DK-Tanjungpinang – Polemik perobohan Hotel Purajaya di Kota Batam semakin memanas. Panglima Daerah (Pangda) Gerakan Anak Melayu Negeri Riau (GAM NR), Said Ahmad Syukri atau yang akrab disapa Sas Joni, mengecam keras pernyataan Datok Basyaruddin Idris yang menuding nama Melayu dijual demi kepentingan bisnis lahan.
Menurut Sas Joni, Datok Basyaruddin Idris tidak memahami sepenuhnya persoalan ini, sehingga pernyataannya dinilai tidak pantas, terutama sebagai Ketua GM BP3KR dan pengurus Lembaga Adat Melayu (LAM) Kepri.

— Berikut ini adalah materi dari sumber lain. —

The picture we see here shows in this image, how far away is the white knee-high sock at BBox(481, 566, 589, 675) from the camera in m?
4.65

“Hotel Purajaya bukan sekadar bangunan, tapi bagian dari sejarah Melayu di Kota Batam. Perobohan yang dilakukan PT Pasifik Estatindo Perkasa tanpa perintah pengadilan sangat melukai hati tokoh dan masyarakat Melayu tempatan,” tegasnya, Kamis (27/3/2025).
Sas Joni menegaskan bahwa hotel tersebut adalah bukti eksistensi anak Melayu di bidang perhotelan, yang seharusnya dibanggakan dan dilindungi. Perobohan ini, katanya, merugikan masyarakat adat dan menghilangkan warisan sejarah daerah.

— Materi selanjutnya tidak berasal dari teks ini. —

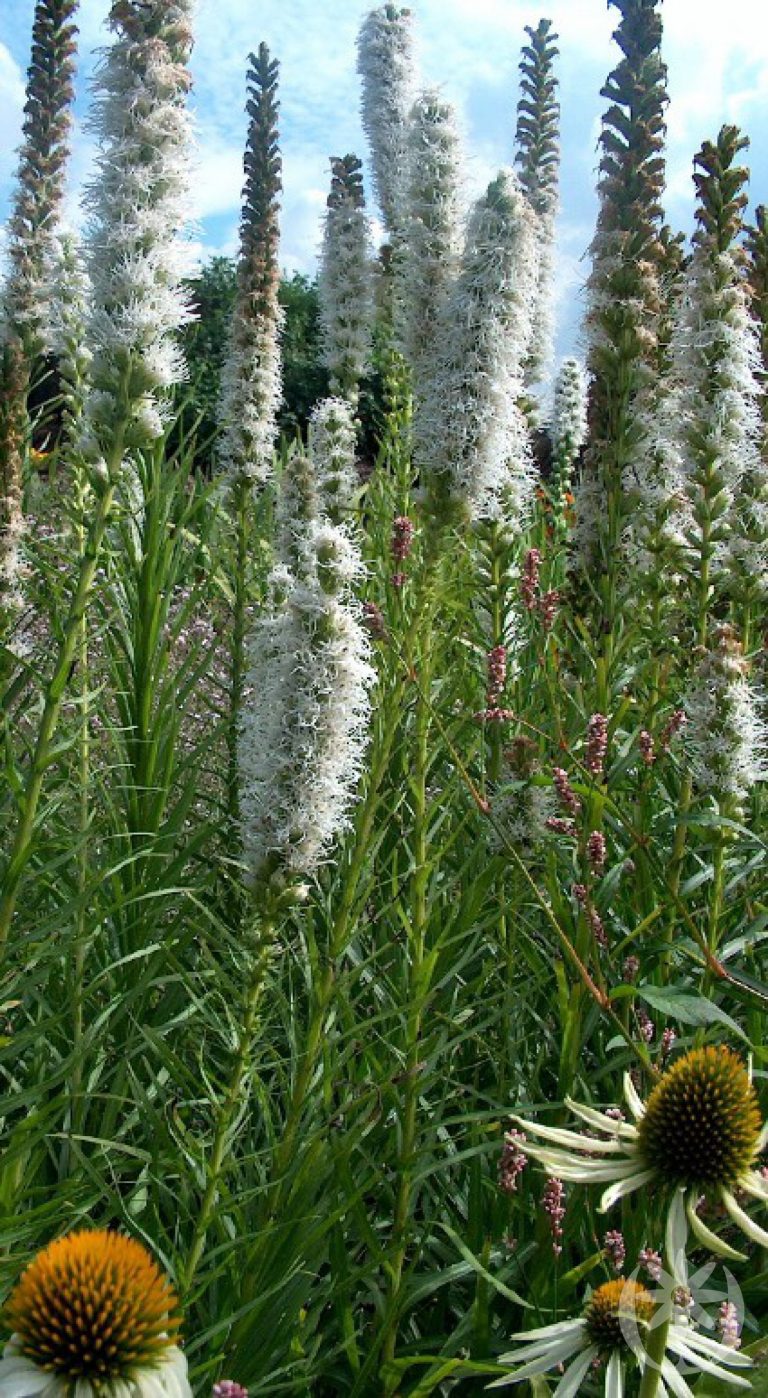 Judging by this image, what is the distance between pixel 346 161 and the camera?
4.51m

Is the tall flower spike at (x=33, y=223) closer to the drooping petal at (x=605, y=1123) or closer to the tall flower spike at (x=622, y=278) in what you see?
the tall flower spike at (x=622, y=278)

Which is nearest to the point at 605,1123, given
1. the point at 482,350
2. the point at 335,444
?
the point at 482,350

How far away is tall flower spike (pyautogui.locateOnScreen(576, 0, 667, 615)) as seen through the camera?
3.03m

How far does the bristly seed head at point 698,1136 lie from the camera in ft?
4.51

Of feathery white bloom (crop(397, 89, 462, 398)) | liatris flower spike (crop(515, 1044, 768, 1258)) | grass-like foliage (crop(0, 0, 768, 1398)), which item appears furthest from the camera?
feathery white bloom (crop(397, 89, 462, 398))

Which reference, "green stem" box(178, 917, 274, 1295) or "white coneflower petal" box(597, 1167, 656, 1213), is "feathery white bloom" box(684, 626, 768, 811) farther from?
"white coneflower petal" box(597, 1167, 656, 1213)

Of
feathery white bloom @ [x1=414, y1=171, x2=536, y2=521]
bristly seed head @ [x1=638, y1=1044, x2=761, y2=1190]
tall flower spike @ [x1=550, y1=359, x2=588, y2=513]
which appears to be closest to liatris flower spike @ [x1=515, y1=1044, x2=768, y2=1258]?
bristly seed head @ [x1=638, y1=1044, x2=761, y2=1190]

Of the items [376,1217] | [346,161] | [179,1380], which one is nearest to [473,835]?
[376,1217]

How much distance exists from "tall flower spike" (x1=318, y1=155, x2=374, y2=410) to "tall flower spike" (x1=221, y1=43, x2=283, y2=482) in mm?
440

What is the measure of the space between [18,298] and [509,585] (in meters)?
1.66

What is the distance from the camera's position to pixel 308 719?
1.84 m

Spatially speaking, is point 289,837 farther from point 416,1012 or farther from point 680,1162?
point 680,1162

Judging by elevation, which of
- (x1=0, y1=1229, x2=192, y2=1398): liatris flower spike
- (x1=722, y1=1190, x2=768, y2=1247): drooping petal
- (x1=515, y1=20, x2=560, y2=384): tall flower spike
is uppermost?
(x1=515, y1=20, x2=560, y2=384): tall flower spike

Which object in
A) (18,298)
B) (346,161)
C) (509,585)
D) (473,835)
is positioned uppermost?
(346,161) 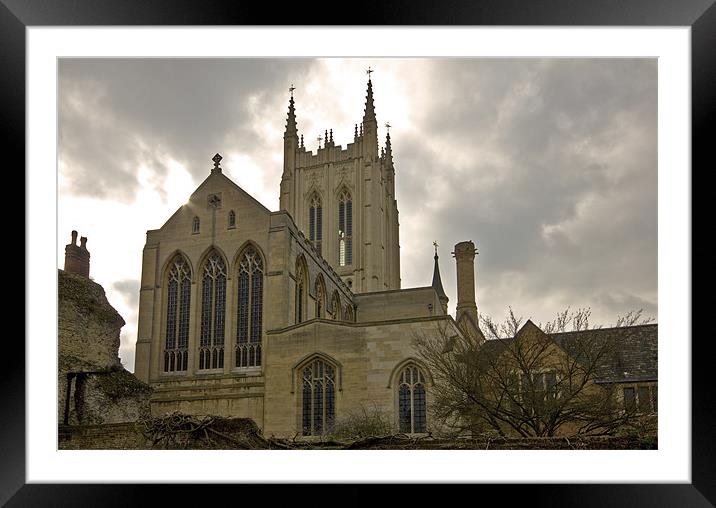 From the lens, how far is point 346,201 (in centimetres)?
5034

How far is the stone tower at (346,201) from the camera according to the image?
159ft

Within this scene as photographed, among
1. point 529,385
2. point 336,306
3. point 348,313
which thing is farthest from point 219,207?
point 529,385

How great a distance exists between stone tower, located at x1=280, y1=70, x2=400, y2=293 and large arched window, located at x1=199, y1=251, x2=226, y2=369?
784 inches

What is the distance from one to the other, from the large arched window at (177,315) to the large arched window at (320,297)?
5.69 m

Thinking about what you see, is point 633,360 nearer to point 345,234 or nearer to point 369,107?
point 345,234

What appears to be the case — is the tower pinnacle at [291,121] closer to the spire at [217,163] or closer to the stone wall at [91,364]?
the spire at [217,163]

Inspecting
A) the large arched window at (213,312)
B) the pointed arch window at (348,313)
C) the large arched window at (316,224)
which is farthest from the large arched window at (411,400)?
the large arched window at (316,224)

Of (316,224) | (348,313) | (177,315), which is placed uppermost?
(316,224)

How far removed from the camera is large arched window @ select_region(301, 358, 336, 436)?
75.1ft

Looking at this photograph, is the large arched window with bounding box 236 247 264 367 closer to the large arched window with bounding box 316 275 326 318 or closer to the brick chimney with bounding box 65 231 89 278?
the large arched window with bounding box 316 275 326 318

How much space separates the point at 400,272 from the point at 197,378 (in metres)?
31.0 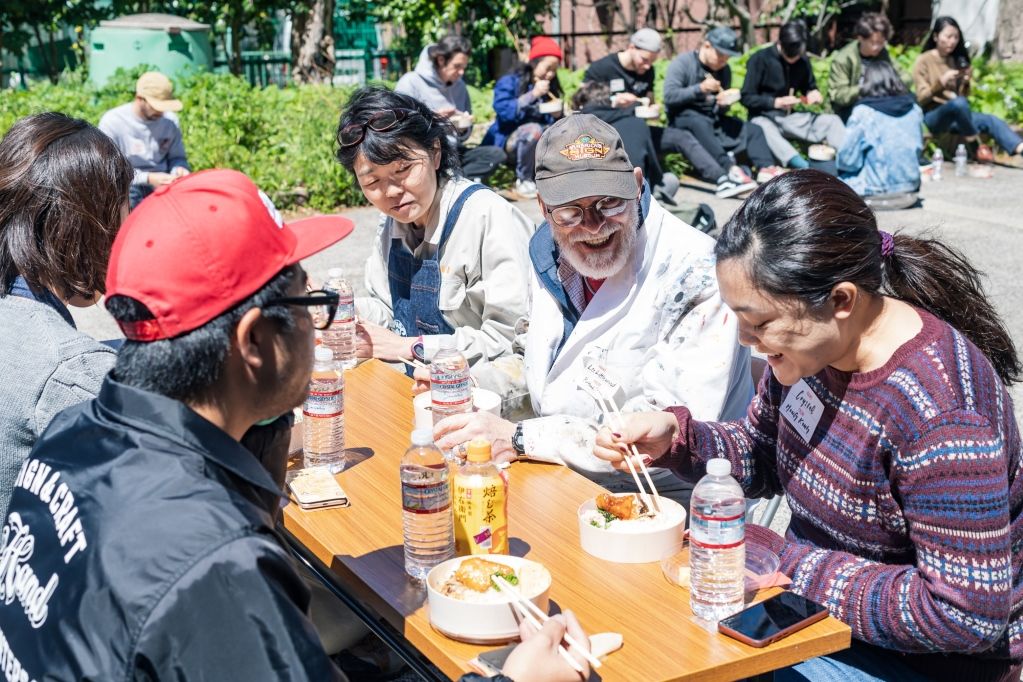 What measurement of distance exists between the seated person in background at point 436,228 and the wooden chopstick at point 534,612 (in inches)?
73.8

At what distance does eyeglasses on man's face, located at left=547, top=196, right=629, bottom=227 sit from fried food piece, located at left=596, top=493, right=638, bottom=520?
0.93 metres

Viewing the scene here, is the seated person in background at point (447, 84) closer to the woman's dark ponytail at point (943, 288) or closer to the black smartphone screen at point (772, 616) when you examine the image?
the woman's dark ponytail at point (943, 288)

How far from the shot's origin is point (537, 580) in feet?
6.86

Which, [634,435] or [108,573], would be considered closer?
[108,573]

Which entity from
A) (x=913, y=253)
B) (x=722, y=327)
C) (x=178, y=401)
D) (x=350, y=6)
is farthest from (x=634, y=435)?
(x=350, y=6)

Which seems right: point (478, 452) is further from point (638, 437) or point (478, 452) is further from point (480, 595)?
point (638, 437)

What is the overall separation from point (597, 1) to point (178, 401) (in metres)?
22.0

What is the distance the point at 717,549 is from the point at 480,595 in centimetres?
45

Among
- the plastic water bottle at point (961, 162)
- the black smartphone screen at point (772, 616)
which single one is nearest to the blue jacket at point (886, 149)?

Ia juga mempertanyakan sikap Datok Basyaruddin yang dinilai tidak membela marwah anak Melayu.
“Permasalahan ini bukan sekadar urusan bisnis. Kita harus mempertahankan hak dan sejarah di tanah sendiri. Datok Basyaruddin seharusnya lebih memahami tonggak sejarah ini,” ujarnya.
Saat ini, pihak manajemen Hotel Purajaya bersama masyarakat adat Melayu Kota Batam dan DPR RI Komisi XI tengah menggelar Rapat Dengar Pendapat Umum (RDPU) untuk mencari solusi atas berbagai persoalan, termasuk perobohan gedung bersejarah, dugaan mafia lahan, serta konflik antara BP Batam dan PT Dani Tasha Lestari.
Polemik ini terus bergulir. Akankah suara masyarakat Melayu didengar, atau sejarah kembali terpinggirkan?